Best practices for end-to-end monitoring of Kafka

It can be difficult to understand what is happening in your Kafka cluster and to successfully root cause/troubleshoot problems. In order to help you do this, Unravel provides insights and visibility throughout all levels of your cluster. This includes the ability to drill down into apps acting as consumers processing data streams. Unravel's Kafka monitoring and insights are built-in; no configuration is required once you have connected Unravel to your Kafka cluster.,

In the following examples are some of the best practices for using Unravel to monitor your Kafka environments. It is assumed you have basic knowledge of Kafka concepts and architecture.

Your starting point in Unravel is Operations > Usage Details > Kafka. It displays the overall health of the cluster and provides immediate access to your cluster's brokers and topics.

Unravel provides six cluster-wide KPIs to give you an immediate view of the Kafka cluster's overall health and IO. The first three KPIs provide information on your clusters' partitions and controllers.

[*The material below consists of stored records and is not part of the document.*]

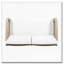 Ensemble de causeuse et table basse d'extérieur en bois d'acacia-1972817940
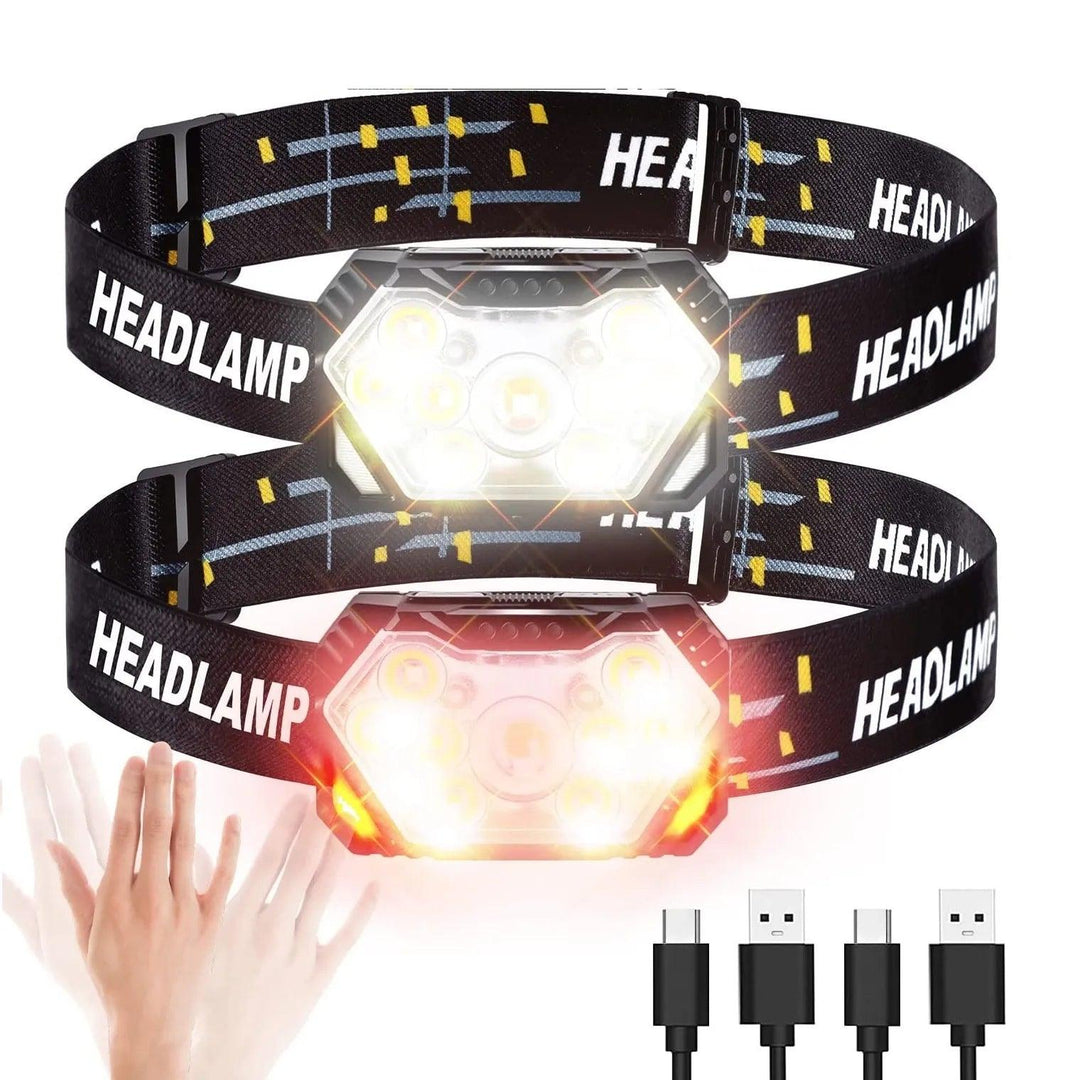 LuminaBeam USB Headlamp: 9-LED Rechargeable Light - HAX Essentials - lighting - main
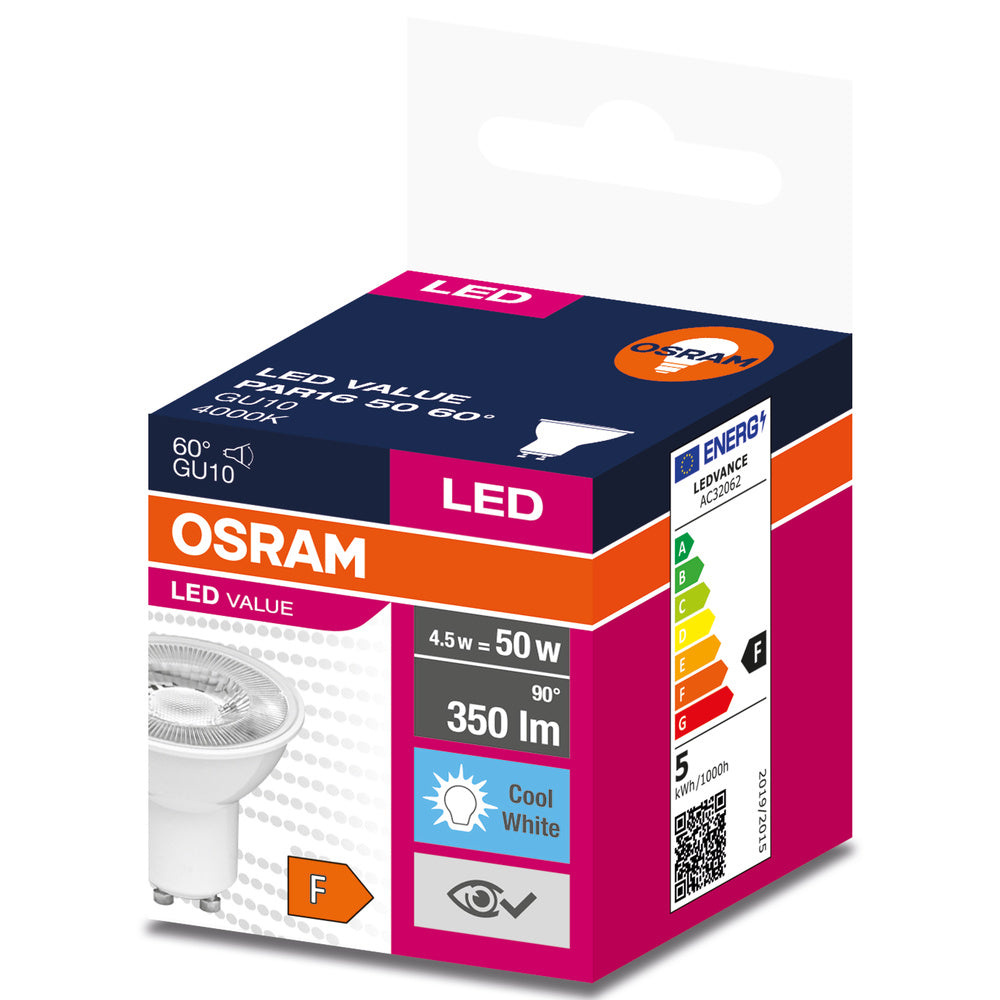 LED downlight 4.5W IP20 4000K 60° – zápustné LED svietidlo OSRAM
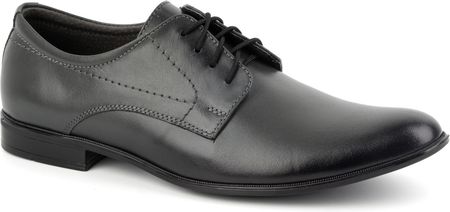 Buty męskie wizytowe skórzane 292lu szare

They are color-coded so you can quickly ascertain their health.

Green = Healthy
Red = Unhealthy, alert for metrics and investigation required

The next three KPIs are data IO metrics and are always blue. Beneath the KPIs are three tabs, Metrics, Broker, and Topic. The Metrics and Broker tabs have the same graphs but contain different data, cluster-wide, and broker specific data respectively.

These KPIs and the data graphs help you root cause existing problems or identify potential issues. Immediate access to your cluster's brokers and topics allow you to quickly drill down and locate the problematic areas. Below we examine a few scenarios.

Under replicated partitions

A healthy cluster has no under replicated partitions. If this KPI is greater than zero, your replication isn't occurring as fast as configured. This under replication:

Adds latency as consumers don't receive their needed data until messages are replicated.
Suggests you are more vulnerable to data loss if you have a master failure.

If you have under replicated partitions, it typically points to a problem with one or more brokers. You should root cause the problem immediately to avoid any data loss.

First, you need to understand how often the under replication is occurring. Scroll down in the Metrics tab to locate the Under Replicated Partitions graph to see the under replication over time across the cluster.

When you see current or consistent under replication drill down into the brokers. Click the Broker tab for the list of brokers and their KPIs. Brokers having problems will have 1 or greater listed in Under Replicated Partitions column. Click each broker with under replicated partitions and scroll down to its Under Replicated Partitions graph.

Once you have identified the problem brokers, examine each of their logs to determine the root cause.

Log flush latency

Log flush latency is important; it is also related to under replicated partitions.

The longer it takes to flush the log to disk, the more the pipeline backs up, and the worse the latency and throughput. When latency goes up, even as small an increment as 10ms, end-to-end latency balloons which can lead to under replicated partitions

The Log Flush Latency, 99th Percentile graph lets you keep track of the cluster's latency. At any given point in time, 99% of the log latency is less than this value. Scroll down in the Metrics tab to see the cluster's log latency graph. If the latency is fluctuating dramatically or is consistently high, you need to identify the broker that is contributing to it.

Click the Broker tab so you can examine individual brokers. Unlike under replicated partitions, the broker table doesn't include a log flush latency KPI. You must examine each broker individually. Click each broker and then scroll down to its Log Flush Latency, 99th Percentile graph.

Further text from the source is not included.